HAFTA sonu yağmur hiç kesilmedi. Hele cumartesi günü gök delindi sanki.
Atatürk Stadı’na giderken, “Şansızlık...” diye düşündüm içimden...
Hava daha güzel olsaydı en az 25 bin kişinin maça geleceğini düşün-müştüm.
Belki de daha fazla.
Yine de sağanak yağmura rağmen kapalı tribün doluydu. Taraftar heyecanlıydı, şeref tribünü coşkuluydu. Belli ki camia ayaktaydı, umutlar artmıştı.
Sahada da müthiş bir mücadele vardı.
Yürümekte bile zorlanılan sahada 90 dakika mücadele etmek hiç de kolay değildi.
Karşıyaka Çaykur Rize’yi yenerek üç değil, altı puan kazandı.
Sıralamada aynı puandaki rakibini yenerek bir de güçlü mesaj verdi, şampiyonluğun en büyük adayı olduğunu herkese gösterdi.
Karşıyakalı futbolcular kadar Teknik Direktör Reha Kapsal’ı da kutlamak gerekir.
Dar bir kadroyla; çok koşan, sahada mücadele eden bir ekip yaratıldı.
Eksikler yok mu?
Olmaz mı...
Yine eksiklikleri değil; artılarımızı, avantajlarımızı konuşalım. Karşıyaka’nın zirve yarışında geldiği noktanın keyfini çıkaralım.
Aynı sözleri Altay için de söyleyebilirim.
Son dakika golüyle gelen Kayseri beraberliği bence hiç de önemli değil.
Altaylı futbolcular da, teknik kadro da, yönetim de bu yıl iddialı...
Her iki takımın da yapabilecekleri çok şey var.
* * *
Geçen hafta hiç yazmadığım kadar spor içerikli yazılar yazdım.
Aslında bunlara spor yazıları olarak bakmamak gerekir.
Çünkü ben uzun zamandır sporun sadece spor almadığını; ülkelerin, kentlerin ekonomisinde ve tanıtımında çok önemli bir unsur olduğunu düşünüyorum.
Eğer İzmirliler, o sağanak yağmura rağmen daha konforlu bir stada gideceklerini düşünselerdi evden çıkarken tereddüt ederler miydi?
Çok eminim.
Hava ne kadar soğuk ve yağmurlu olursa olsun; otoparkı olan, maç öncesi ya da sonrasında rahatlıkla vakit geçirebileceği yerlerin olacağını bilseydi maça hiç tereddüt etmeden giderdi. Hatta ailesiyle gitmekten de çekinmezdi.
* * *
Günümüzün modern statları artık böyle...
İnsanların alışveriş yaptıkları, vakit geçirdikleri, yemek yiyebildikleri yerler...

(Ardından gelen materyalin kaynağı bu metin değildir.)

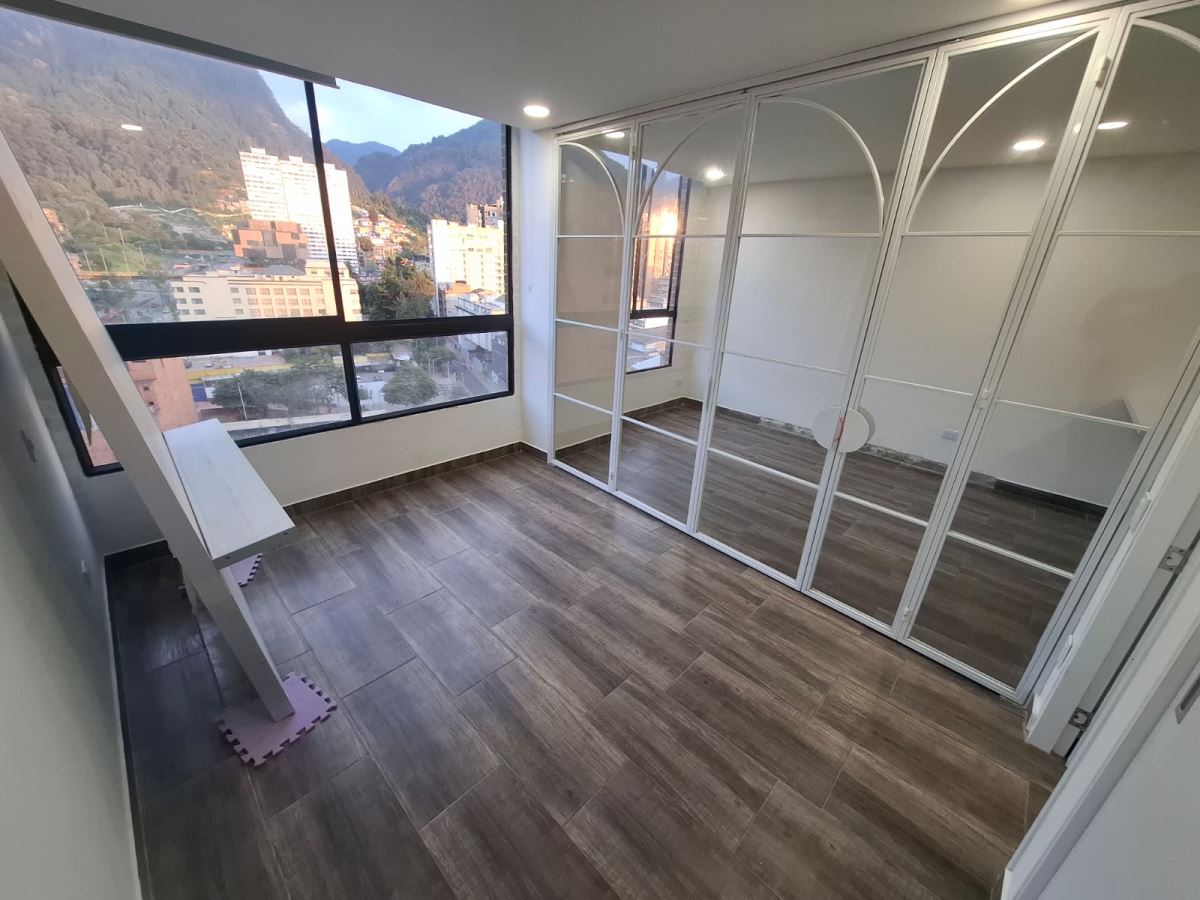 Apartamento en Arriendo - Bogota, BELÉN 5918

Atatürk stadı UNIVERSIADE nedeniyle yenilenmişti. Eskiye göre çok iyi olduğunu söylemeliyim. Ama o yağmurda kapalı denen bölümün tam ortasından da sular seyircilerin üzerine akıyordu. Zemin bu havalara göre dizayn edilmemişti; futbolcular topla oynamakta zorlanıyorlardı.
Karşıyaka yönetimi, açık tribünü kapatmış; taraftarın tamamını kapalıya almıştı.
Rizesporlu bir grup ise kale arkasındaydı.
Maçı nasıl seyrettiler bilemiyorum.
* * *
Milli Takımlar Teknik Direktörü Fatih Terim de geçen hafta İzmir’de söyledi.
“Oyuncu olarak da, teknik adam olarak da burada maç oynamaya hep çekindim...”
Doğru...
Atatürk artık bir futbol mabedi olmaktan giderek uzaklaşıyor.
Önümüzde çok önemli bir İspanya milli maçı var. Fatih Terim’in arzusu İzmir’de oynamak ama rakip takım üzerinde yeteri kadar baskı kuramamaktan çekiniyor.
Hiç de haksız değil.
* * *
Birincisi Karşıyaka ve Altay, bu yıl iyi gidiyorlar. İzmirliler olarak her iki takıma da destek vermeliyiz. Ocak ayını iyi değerlendirmeliyiz.
İkincisi de çok kısa sürede eski bakanlardan Işın Çelebi’nin önerisi gibi Atatürk Stadı’nı Seyrantepe modelinde olduğu gibi yenilemeliyiz.
Bunları yapalım göreceksiniz; İzmir sporda bambaşka bir çehreye bürünecek.